Glad to hear that your camera is functional again. I didn’t see a mention of it, but how do you store your RX10? I keep both of my Olympus cameras in dedicated camera bags, but my Sony RX100.3 is kept in a dresser drawer for quick grabs. I’ve noticed some weird patterns on the LCD screen, and I wonder if heat and/or humidity are the culprits. I haven’t seen any mold, but since reading of your issue I started keeping it a bag. Regards, Jim
Thanks Jim. The RX10 is on a shelf most of the time although sometimes its kept in a camera bag. Disussing equipment storage with people at the Real Camera Company they recommend storing the camera where air can circulate, the atmospher is dry and there is light. Mould doesn’t like anything of these things. They don’t recommend storring in a camera bag or it you do, remove the equipment from time to time.
Nice to see you using the RX10 again Robin. This week I’ve sold all my Sony a6000 gear and have picked up the RX100v. Looking at all my images I have to say the ones I’ve taken with my old RX100 iii have been my favourite due to me taking the little RX everywhere with me before selling it for the a6000. Hope you have a great weekend mate 👍
Thanks Richard. I hope you enjoy the new RX100. It’s a great little camera and so easy to carry. I recall using mine a lot when I went to Death Valley.
Here is the RX10 review page from DPReview that shows the loss of 1 stop of highlights at ISO 80 & 100. https://www.dpreview.com/reviews/sony-cybershot-dsc-rx10/9 ( scroll down to the ISO Expansion section).
I hope you will start using your Rx10 again using this info as it may dramatically affect your overall results with the 2/3 stop faster shutter speeds and 3.5 stops above middle gray (instead of 2.5), at the true base ISO of 125. I know that you have been using higher ISO’s all along as well off tripod in less favorable light and wind.
I’m not a RAW user and you may have corrected for it in post. It may only make a noticeable difference in images shot toward the sun but you may have been changing the overall color palette and why you got the rich colors you mentioned(and why people prefer the ‘Canon look’!), I would think your Raw workflow would be easier and we would get to see more of the superb imagery you get with it.

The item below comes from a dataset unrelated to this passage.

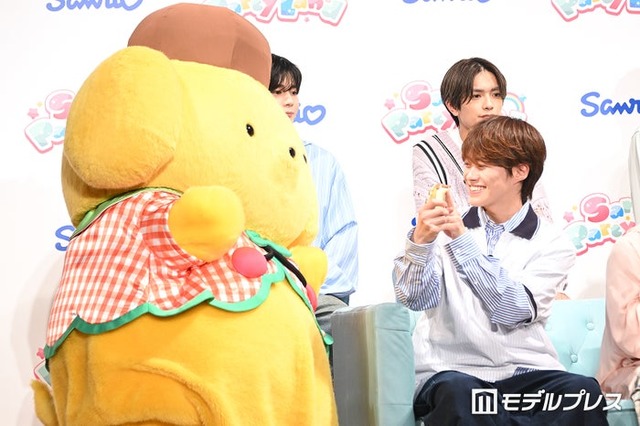 渡されたコントローラーがポムポムプリンくんと同じ黄色で「一緒だぁ！」と喜ぶ大橋和也（C）モデルプレス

I felt I should get this out to you and others here right away. I was thinking the lower settings might improve noise like a D810 at ISO 64 but being a review geek I know most DC’s lose DR. I am glad I checked as this is critical in these smaller sensor cameras that need all the help they can get.

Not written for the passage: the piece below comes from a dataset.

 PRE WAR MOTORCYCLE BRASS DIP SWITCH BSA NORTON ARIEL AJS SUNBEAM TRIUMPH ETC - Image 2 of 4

Thanks for the great site, Robert.
Firstly, I wasn’t aware that the base ISO was 125. This does though make some sense as in Auto mode the camera selects 125. The reason I use ISO80 is that I feel it gives me a cleaner image. I would agree the dynamic range is probably reduced as this tends to happen when you move away from the base ISO. You actually see this clipping come in quite quickly with the cameras zebra feature but when you get the RAW file back for processing it usually has more headroom for processing. I also tend to shoot using ND Grad filters so this highlight dynamic range tends to be less important. Having said all this, I will try shooting using the ISO125 setting more often to get a better feel for what is going on. Thanks for sharing the tip.
The cleaner results at ISO 80 would be welcome . I doubt the colors would be any different on 2nd thought as most landscape and blue sky colors are mid tones. Thanks again, Robert
I agree, I suspect it wouldnt make much difference to the colours. The colours I achieve are due to shooting in RAW and applying the Sony Colour Profiles in Lightroom. They really are very good.